Tom and Jerry One-Minute Video Generation with Test-Time Training
19 comments
·April 8, 2025quantumHazer
really impressive work considering the reported size of the model and training hours.
trunch
50+ hours on 256 H100s is considered impressively low training?
Really makes me wonder if any of this incredibly computationally expensive research is worth it, which seems only useful in potentially promising a future in which humans are given less opportunity to express themselves creatively - while delivering them an infinitely produceable amount of ai generated 'content' to passively consume
skyyler
>Really makes me wonder if any of this incredibly computationally expensive research is worth it
I'm wondering the same thing. 256 H100s were hot for two days straight to be able to make short clips of cartoons that almost don't look like shit?
It just isn't compelling to me.
burgrkng
Compared to the resources costs for humans to prop up the industry, a handful of DCs that can do this and still improve is cheap.
Work phones, laptops, personal stuff. We duplicate a lot of resource use for one person to have a career.
There will still be pencil and paper. There’s still creative things to do. Do we even get that these days? Where’s our generations LOTR or Star Wars? Yep just prequels and sequels of same old.
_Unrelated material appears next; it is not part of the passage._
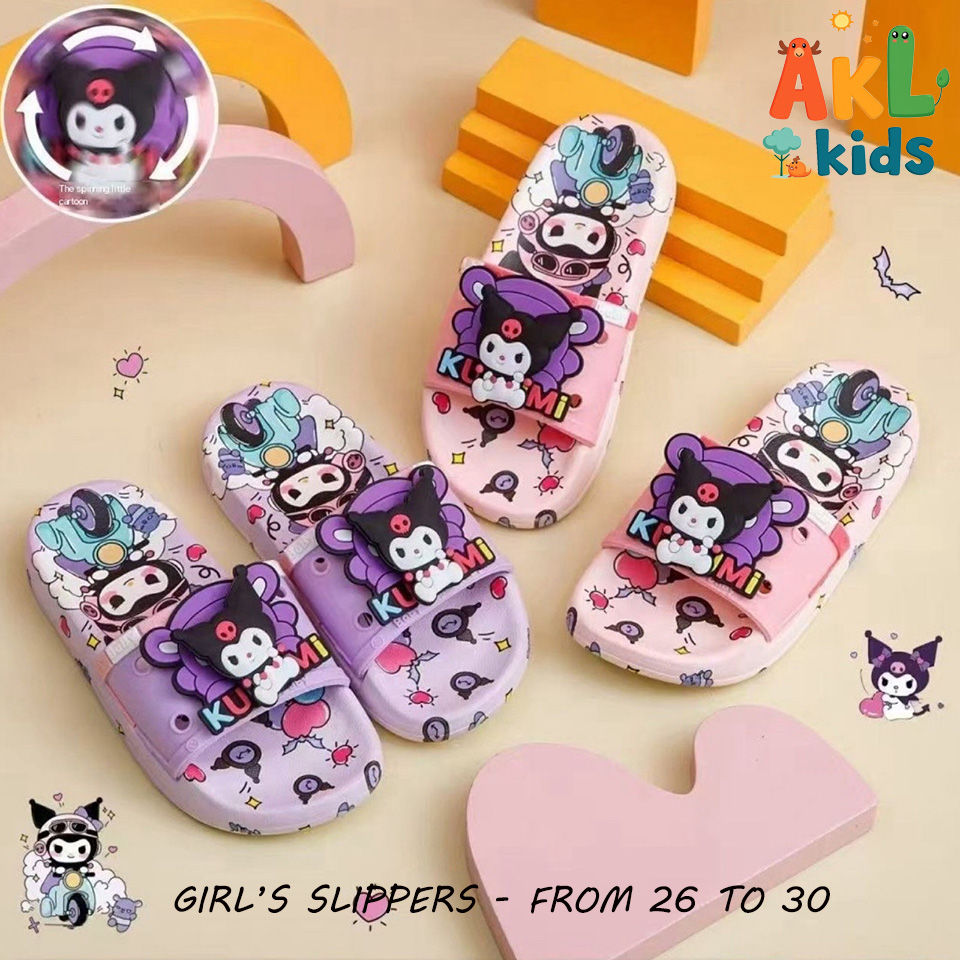 Kids Slippers with Rotating Badge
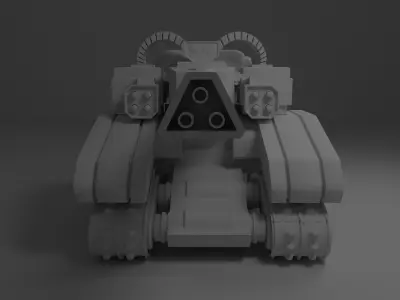 torreta tanke  Free 3D model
Are we that creative copy-pasting and git pull deps someone else maintains? IT is librarian work these days. Little in the day to day is novel creativity.
Your argument is not a compelling one. Feels like hand wavy nod to a human soul, while ignoring we all complain about soul crushing jobs capturing so much of our agency, sucking fun out of life since it’s just the same todos different day… not that creative and we tacitly notice and complain but keep doing.
It’s a really lame circular routine and lived experience being around my peers these days; oh I hate my job but this new thing is an abomination and affront to my chosen job. I’m gonna be someone someday! Don’t take it away! Unicorn! Disrupt!
altcognito
So, costs roughly 15k?
quantumHazer
Sorry, you're right lol. I'm just accustomed to other major lab gazillions of hours of training.
soupfordummies
Reading the prompts reminds me of this interesting short story from Steven Millhauser called "Cat 'N Mouse"[1]
Would be really cool to just use this (or parts of it) as one of the prompts and see what results.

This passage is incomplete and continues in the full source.